Photo Insert: Then-Vice President Mike Pence and Mrs. Karen Pence were greeted by Jim Bridenstine, NASA Administrator, Elon Musk, Founder and CEO and Lead Designer of SpaceX at Neil Armstrong Operations and Checkout Facility.
In the 1980s, the Strategic Defense Initiative — better known as “Star Wars” — was designed by Ronald Reagan’s administration as a space-based missile defense system complete with space-based laser stations, nuclear x-ray laser satellites, and ground- and space-based missile systems to intercept hostile intercontinental ballistic missiles.
Derided as expensive and technologically unfeasible, the program was ended by the Clinton administration in 1993.
However, it demonstrated a nationalist recommitment to technological superiority in the Cold War and a temporary, dangerous reneging of détente.

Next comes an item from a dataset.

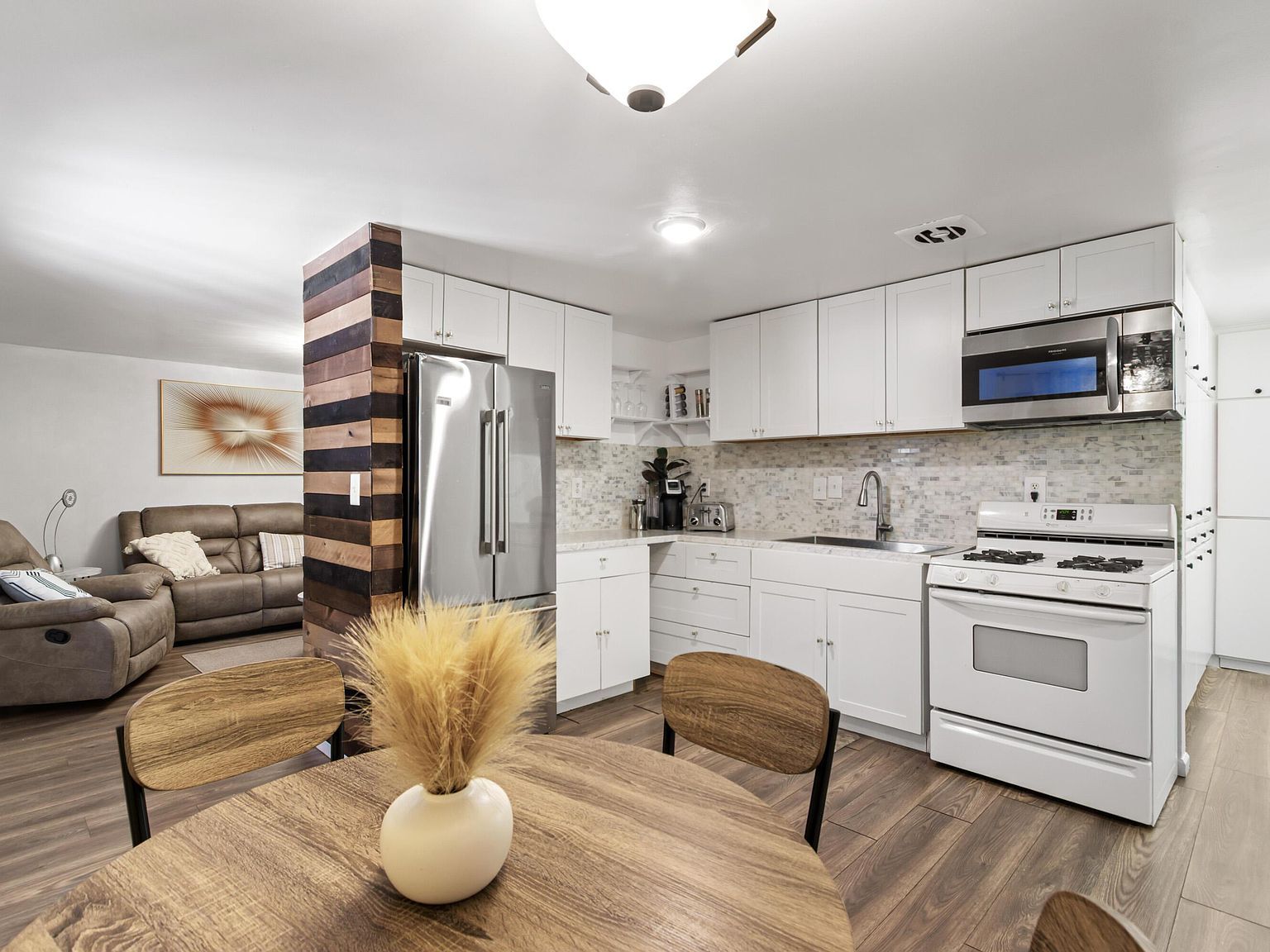 395 Amesbury Dr Columbus, OH 43230 | Single Family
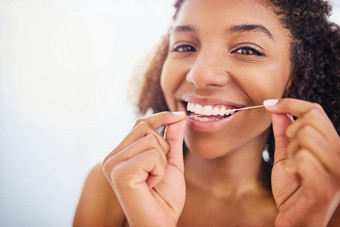 牙线健康牙龈牙齿有吸引力的年轻的女人用牙线清洁牙齿牙齿浴室首页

In addition to withdrawing from nuclear treaties, the US has proceeded to ramp up investment in space technology. In 2019, President Donald Trump diverged from President Barack Obama’s promise he would “not weaponize space,” and created an official Space Force.
The move made explicit the military significance of space today, systematizing GPS and satellite security and defense as a sub-department of the Air Force.

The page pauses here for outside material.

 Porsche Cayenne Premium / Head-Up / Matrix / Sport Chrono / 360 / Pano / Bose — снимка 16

As TJ Coles writes in CounterPunch, countersurveillance and counter-communications have been central goals of U.S. military space operations since the 1990s, alongside attaining the US “full spectrum dominance” of all potential conflict sites — including space.
Evidence of this fact: The Biden administration has continued the Space Force, which was seen as ridiculous by liberal commentators during the Trump administration.